Die Finanzierung der Rollstuhlrampe kann von der Rentenversicherung übernommen werden, wenn die bauliche Anpassung der Rehabilitation dient.

Empfehlung mit Herz

Sog. Hilfsmittel werden von der Krankenkasse genehmigt und finanziert und zeichnen sich dadurch aus, dass sie beweglich sind. Mobile Rampen werden deshalb von der Krankenkasse bezuschusst. Eine fest installierte Rampe kommt hingegen bei einer langfristigen Pflegesituation zum Einsatz und wird deshalb von der Pflegekasse bezuschusst.

 

Antrag auf Förderung durch Krankenkasse und Pflegekasse

Vor der Anschaffung der Rampe gilt es bei der jeweiligen Kasse unbedingt abzuklären, ob sie eine Finanzierung als Versicherungsleistung akzeptiert. Nicht jede Art von Rampe wird gefördert. Das entsprechende Modell muss ebenfalls vom Leistungsträger abgesegnet werden.

Damit die Förderung für Auffahrrampen von der Pflegekasse bewilligt wird, prüft der medizinische Dienst der Pflegekasse, ob eine Rampe etc. notwendig ist. Seit 2017 (Pflegestärkungsgesetz II) gelten Hilfsmittel bereits als beantragt und genehmigt, wenn der Gutachter von MDK oder MEDICPROOF eine entsprechende Empfehlung in seinem Gutachten hinterlegt.

wichtige Hinweise

• Für die Kostenübernahme eines Hilfsmittels durch die Krankenversicherung ist häufig die Verordnung durch einen Arzt erforderlich. Zudem sollten sich Betroffene zunächst bei der Krankenkasse informieren, mit welchen Anbietern und Fachhändlern sie kooperiert.
• Bei der Auswahl eines bestimmten Modells gilt es darauf zu achten, dass die Rampe eine Hilfsmittelnummer hat und im Hilfsmittelverzeichnis & Hilfsmittelkatalog gelistet ist.
• Der Hilfsmittel-Anbieter erstellt einen Kostenvoranschlag.
• Dieser muss gemeinsam mit der ärztlichen Verordnung für den Antrag bei der Krankenkasse eingereicht werden.
• Auch andere Institutionen stellen Förderungen oder Zuschüsse für Rollstuhlrampen oder andere Umbauten zur Verfügung, diese sind jedoch nicht gesetzlich geregelt.

Empfehlung mit Herz

Betroffene und Angehörige können die Notwendigkeit von Hilfsmitteln bereits während der Begutachtung durch den MDK gezielt ansprechen, um dem Gutachter nahezulegen, dass er eine Empfehlung für ein Hilfsmittel ausspricht.
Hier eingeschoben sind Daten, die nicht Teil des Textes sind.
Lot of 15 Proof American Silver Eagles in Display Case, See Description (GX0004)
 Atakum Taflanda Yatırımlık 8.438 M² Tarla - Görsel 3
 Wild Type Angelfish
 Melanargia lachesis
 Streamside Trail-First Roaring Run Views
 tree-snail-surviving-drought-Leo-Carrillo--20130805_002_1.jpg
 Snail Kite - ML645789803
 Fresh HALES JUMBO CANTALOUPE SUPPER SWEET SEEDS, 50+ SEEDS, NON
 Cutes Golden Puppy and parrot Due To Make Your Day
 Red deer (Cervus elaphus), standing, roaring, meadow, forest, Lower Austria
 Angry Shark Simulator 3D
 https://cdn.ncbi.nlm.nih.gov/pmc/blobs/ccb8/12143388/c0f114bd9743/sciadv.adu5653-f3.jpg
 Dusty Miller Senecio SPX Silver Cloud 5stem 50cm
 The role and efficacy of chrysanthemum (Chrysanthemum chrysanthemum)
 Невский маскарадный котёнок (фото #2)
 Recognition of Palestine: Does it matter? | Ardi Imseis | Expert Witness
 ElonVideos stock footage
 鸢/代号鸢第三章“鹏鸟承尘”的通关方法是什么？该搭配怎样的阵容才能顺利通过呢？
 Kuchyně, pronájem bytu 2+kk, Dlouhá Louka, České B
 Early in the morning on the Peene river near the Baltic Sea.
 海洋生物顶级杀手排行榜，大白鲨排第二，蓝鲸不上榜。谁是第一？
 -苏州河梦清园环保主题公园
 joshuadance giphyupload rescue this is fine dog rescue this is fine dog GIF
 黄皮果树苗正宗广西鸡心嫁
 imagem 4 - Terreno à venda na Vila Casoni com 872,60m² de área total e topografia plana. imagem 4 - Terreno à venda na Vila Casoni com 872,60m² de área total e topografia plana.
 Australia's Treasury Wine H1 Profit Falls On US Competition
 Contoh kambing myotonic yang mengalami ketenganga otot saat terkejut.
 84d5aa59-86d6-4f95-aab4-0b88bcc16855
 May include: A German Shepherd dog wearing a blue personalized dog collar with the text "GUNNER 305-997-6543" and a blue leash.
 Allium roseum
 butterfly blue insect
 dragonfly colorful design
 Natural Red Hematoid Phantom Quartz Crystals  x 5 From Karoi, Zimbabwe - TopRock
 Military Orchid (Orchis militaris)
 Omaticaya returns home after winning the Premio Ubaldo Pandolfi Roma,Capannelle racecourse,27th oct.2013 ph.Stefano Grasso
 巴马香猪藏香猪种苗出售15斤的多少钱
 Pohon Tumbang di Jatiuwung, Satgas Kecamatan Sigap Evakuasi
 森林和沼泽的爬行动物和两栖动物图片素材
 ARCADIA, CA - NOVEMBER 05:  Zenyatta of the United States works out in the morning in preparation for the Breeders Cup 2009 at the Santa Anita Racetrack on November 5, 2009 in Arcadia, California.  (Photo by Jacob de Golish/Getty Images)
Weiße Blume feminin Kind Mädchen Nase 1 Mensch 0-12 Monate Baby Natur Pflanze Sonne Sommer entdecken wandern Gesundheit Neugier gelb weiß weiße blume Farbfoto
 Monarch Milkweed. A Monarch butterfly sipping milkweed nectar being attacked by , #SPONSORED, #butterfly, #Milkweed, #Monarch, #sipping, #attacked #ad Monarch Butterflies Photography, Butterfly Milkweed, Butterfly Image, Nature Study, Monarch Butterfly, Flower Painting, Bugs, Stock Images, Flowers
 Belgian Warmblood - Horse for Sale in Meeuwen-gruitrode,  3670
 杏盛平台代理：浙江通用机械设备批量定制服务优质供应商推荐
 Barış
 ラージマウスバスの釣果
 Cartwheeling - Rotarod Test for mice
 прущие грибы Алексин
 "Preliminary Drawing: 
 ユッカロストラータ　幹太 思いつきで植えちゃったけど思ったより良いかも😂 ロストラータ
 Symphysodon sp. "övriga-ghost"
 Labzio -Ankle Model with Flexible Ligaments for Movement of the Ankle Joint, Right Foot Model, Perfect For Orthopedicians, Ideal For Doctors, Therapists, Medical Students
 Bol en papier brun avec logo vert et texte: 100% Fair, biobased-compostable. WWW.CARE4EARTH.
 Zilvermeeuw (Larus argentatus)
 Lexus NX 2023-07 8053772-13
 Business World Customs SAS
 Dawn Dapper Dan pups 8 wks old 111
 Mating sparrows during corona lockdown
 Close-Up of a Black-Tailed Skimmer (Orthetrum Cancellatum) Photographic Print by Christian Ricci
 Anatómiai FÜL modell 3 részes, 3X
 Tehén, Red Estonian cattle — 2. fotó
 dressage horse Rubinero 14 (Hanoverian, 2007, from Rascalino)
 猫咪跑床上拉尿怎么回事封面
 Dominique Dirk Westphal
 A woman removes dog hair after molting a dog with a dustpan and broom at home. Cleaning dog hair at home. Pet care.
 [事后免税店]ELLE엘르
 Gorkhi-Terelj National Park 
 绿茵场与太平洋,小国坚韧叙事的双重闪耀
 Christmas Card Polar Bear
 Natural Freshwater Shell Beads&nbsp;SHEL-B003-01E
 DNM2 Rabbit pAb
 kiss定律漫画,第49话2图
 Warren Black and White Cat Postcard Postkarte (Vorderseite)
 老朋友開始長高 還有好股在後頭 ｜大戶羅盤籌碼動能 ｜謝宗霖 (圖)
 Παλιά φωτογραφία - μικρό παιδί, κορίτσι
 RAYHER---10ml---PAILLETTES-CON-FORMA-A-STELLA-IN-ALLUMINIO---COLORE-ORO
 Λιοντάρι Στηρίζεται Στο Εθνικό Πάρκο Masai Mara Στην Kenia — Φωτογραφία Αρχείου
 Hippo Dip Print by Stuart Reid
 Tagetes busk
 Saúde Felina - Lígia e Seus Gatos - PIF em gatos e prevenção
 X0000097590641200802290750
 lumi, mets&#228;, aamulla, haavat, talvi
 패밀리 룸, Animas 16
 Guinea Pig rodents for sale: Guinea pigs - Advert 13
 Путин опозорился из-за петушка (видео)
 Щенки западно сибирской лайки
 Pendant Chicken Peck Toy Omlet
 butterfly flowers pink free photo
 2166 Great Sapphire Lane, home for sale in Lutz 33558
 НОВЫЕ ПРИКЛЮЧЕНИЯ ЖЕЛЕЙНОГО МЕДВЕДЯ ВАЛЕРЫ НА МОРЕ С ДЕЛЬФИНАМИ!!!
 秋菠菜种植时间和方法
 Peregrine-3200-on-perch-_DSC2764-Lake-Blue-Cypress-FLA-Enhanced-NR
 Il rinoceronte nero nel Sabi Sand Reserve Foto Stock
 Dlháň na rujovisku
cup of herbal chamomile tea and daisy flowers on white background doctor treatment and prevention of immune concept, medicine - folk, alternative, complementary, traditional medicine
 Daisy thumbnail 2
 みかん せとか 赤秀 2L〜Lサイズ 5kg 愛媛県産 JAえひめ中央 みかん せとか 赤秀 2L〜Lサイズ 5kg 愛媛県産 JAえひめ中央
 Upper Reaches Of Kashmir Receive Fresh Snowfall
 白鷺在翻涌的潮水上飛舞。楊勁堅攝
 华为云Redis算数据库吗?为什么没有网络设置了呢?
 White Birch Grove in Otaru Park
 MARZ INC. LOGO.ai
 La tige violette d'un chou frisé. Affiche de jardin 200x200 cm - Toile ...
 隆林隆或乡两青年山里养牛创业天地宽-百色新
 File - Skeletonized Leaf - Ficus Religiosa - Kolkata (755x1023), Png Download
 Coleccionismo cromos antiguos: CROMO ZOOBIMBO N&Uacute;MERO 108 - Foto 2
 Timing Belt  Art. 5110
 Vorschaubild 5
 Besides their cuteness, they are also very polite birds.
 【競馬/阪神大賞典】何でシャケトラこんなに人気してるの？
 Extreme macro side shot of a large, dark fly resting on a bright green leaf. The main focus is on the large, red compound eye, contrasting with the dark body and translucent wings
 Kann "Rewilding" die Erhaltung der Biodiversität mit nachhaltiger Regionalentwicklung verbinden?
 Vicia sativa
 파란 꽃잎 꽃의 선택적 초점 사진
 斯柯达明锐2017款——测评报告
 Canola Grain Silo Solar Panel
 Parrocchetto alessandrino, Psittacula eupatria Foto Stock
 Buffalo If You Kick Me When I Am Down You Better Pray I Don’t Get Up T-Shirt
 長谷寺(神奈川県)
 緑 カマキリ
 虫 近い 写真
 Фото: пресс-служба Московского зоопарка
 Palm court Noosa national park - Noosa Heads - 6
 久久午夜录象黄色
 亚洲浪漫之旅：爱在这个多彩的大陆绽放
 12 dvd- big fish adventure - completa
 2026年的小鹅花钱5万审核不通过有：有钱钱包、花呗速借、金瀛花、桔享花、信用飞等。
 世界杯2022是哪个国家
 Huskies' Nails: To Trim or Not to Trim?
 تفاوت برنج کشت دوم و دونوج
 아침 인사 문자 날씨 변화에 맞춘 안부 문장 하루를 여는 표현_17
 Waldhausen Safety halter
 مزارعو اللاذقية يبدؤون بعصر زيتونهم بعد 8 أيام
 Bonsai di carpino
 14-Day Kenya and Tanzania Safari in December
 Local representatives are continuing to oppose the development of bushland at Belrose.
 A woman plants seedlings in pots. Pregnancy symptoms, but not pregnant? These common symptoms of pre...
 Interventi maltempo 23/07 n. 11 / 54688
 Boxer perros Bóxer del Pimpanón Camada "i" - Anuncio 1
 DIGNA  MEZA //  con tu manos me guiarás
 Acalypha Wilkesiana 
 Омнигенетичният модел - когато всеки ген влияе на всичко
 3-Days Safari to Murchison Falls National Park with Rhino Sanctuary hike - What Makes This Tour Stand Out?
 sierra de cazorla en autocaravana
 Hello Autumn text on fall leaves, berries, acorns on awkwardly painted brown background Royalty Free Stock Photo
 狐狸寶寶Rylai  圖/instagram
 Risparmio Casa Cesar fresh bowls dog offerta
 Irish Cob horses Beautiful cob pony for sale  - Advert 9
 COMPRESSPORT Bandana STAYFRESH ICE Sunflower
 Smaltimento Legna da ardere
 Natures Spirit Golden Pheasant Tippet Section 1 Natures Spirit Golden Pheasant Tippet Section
Förderung durch die KfW-Förderbank: Die Förderbank der Kreditanstalt für Wiederaufbau (KfW) bewilligt den sog. KfW-Zuschuss von bis zu maximal 6.250 Euro pro Wohneinheit für den altersgerechten Umbau sowie zinsgünstige Darlehen bis zu 50.000 Euro.

Versorgungsämter, Stiftungen und Förderprogramme der Bundesländer oder Versorgungsämter: Auch diese Institutionen bezuschussen teilweise barrierefreie Umbauten oder stellen günstige Darlehen zur Verfügung, z. B. wenn eine Schwerbehinderung vorliegt.